DUNLAP - The Tiny House Movement is a trend of people living in small homes.
A Peoria industrialist was at the forefront of that movement nearly 90 years ago. At the Wheels O'Time Museum sits Peoria's Steel House. The tiny house is the creation of inventor Robert G. LeTourneau. His statue stands near the steel house.
LeTourneau wanted to solve a housing crisis in the mid-1930’s and he was all about efficiency.
“He said ‘We need a compact efficient house,' and this is what he created," Jim Bateman of Central Illinois Landmark Foundation said. “And it also kept his workers busy. It provided for his workers, not only work but as a place to live."
LeTourneau called these factory-built houses “Carefree Homes."
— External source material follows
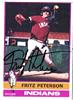 Fritz Peterson autographed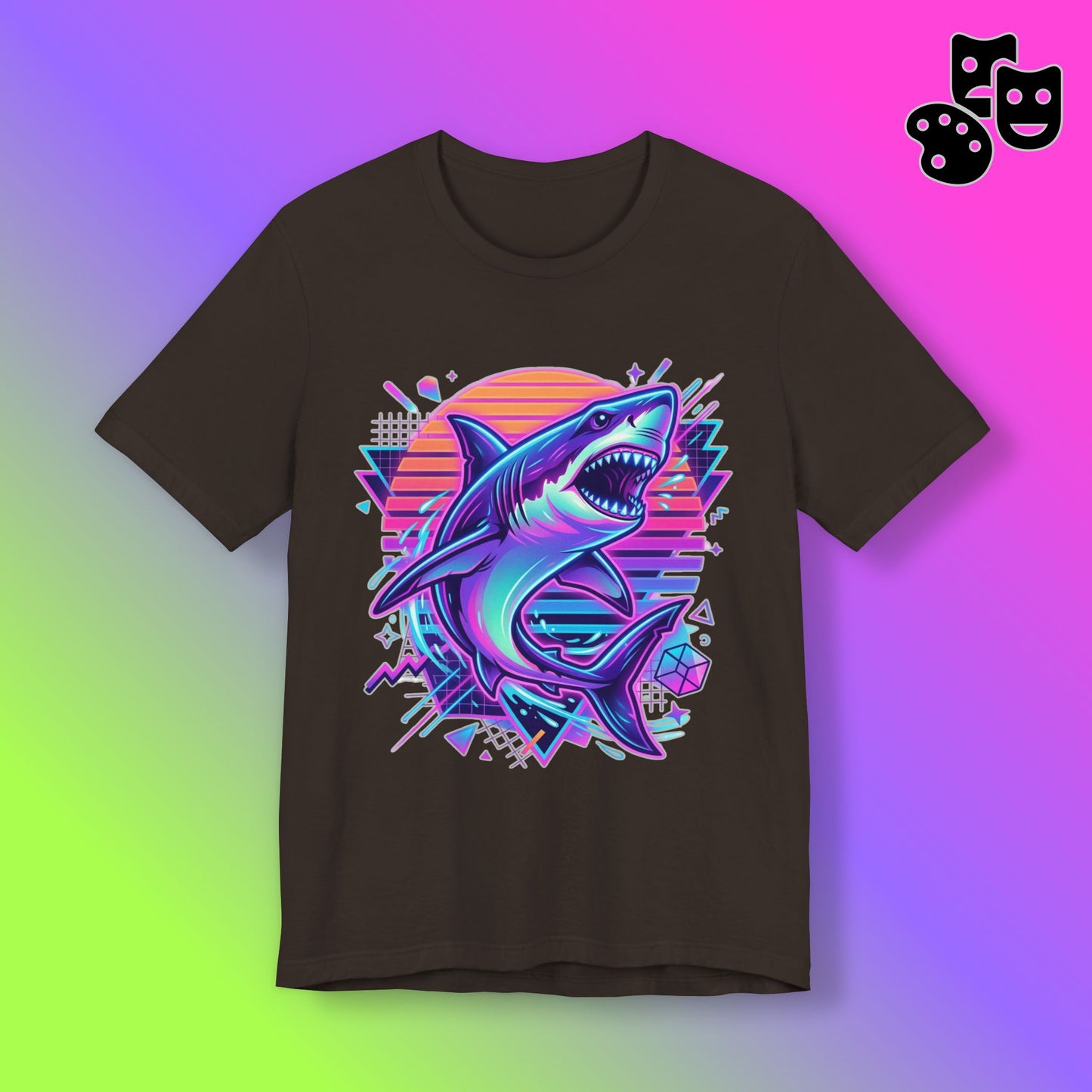 Retro Neon Shark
This particular building, 24 by 24 feet, was left at LeTourneau’s factory, deteriorating badly, until 2017 when Komatsu donated it for restoration. The Peoria Historical Society, Central Illinois Landmarks Foundation and Wheels O’ Time brought it back to life.
Now decorated with period furniture and household items, it looks like a 1938 model home. That took a lot of effort.
“This house you could buy for five thousand dollars," Bateman said. "We put $140,000 in cash into it, plus countless hours of volunteer labor."
“I’ve always liked the idea of a small house," Sarah Nesbit, who lives in a Steel House said. "It’s cozy. In some ways it’s like a cabin in the woods."
Nesbit rents one in Peoria Heights. This home has only one bedroom instead of two, and the kitchen was expanded.
LeTouneau’s Carefree House project came to an end when steel became critical during World War II. But, there are still 20 of these little homes around central Illinois.
“Compact and efficient" never totally goes out of style.